2) The discussion is interesting bringing together crowding and the debate on using summary statistics to explain the richness of perception in the periphery.
We thank the reviewer for their positive comments and their time in assessing the paper.
Reviewer #2:
The authors describe a single experiment designed to test the hypothesis that natural scenes will be metameric to synthetic scenes created using a model that implements a summary-statistic model of texture-like pooling of visual information in peripheral vision (what the authors call the Freeman-Simoncelli or FS model). Critically, the model allows the scale of pooling regions to increase at different rates as a function of eccentricity, making it possible to examine the specific hypothesis that Bouma's Law (which predicts a scale factor of 0.5) governs pooling across the visual field. The authors rightly point out that the key comparison between natural scenes and synthetic scenes has not been done, and the key contribution here is to do just that. Also, the authors examine performance for scenes that they classify as "texture-like" and "scene-like," which should be equally subject to the metameric treatment if the strong FS-model hypothesis is correct. Briefly, they find that scene type does change the critical scale at which participants can reliably tell natural scenes from synthetic ones, and that the critical scale for scene-like images appears to be a good bit lower than the 0.5 value predicted by Bouma's Law.

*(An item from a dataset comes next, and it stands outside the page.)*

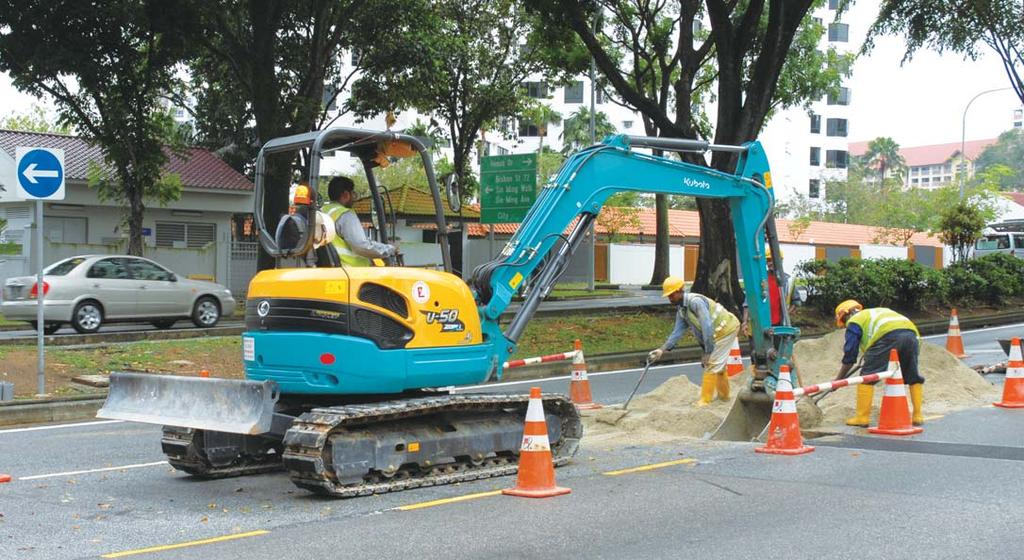 Miniescavadeira Kubota em ação A miniescavadeira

The task the authors use is appropriate (a 3AFC oddball judgment applied to images presented in sequence), and I don't have any concerns about the implementation of the FS model. I don't love the fact that the entire stimulus set was comprised of only 20 images (10 per scene type), however. I understand the practical constraints the authors mention regarding the long rendering time for synthetic images, but there's a real concern here: Do these results generalize?
We agree that it would be nice to test generalisability, but as the reviewer notes, the computation time to generate a number of scale factors for a large number of images is infeasible. However, as we mention in the paper (Discussion section), a recent preprint provides some evidence that at least part of this result is not limited to only our 20 images. Deza et al. (2017) reported percent correct performance in an ABX task for FS syntheses generated at scale factors of 0.5 for 50 original images. For all six of their naive observers, performance in discriminating original and synthesised images lay above chance (50%), and for four of six observers performance lay above 70%. This result corroborates our finding that FS syntheses can be discriminated from original images at scale factors of 0.5, but does not allow the estimation of critical scales as we do here.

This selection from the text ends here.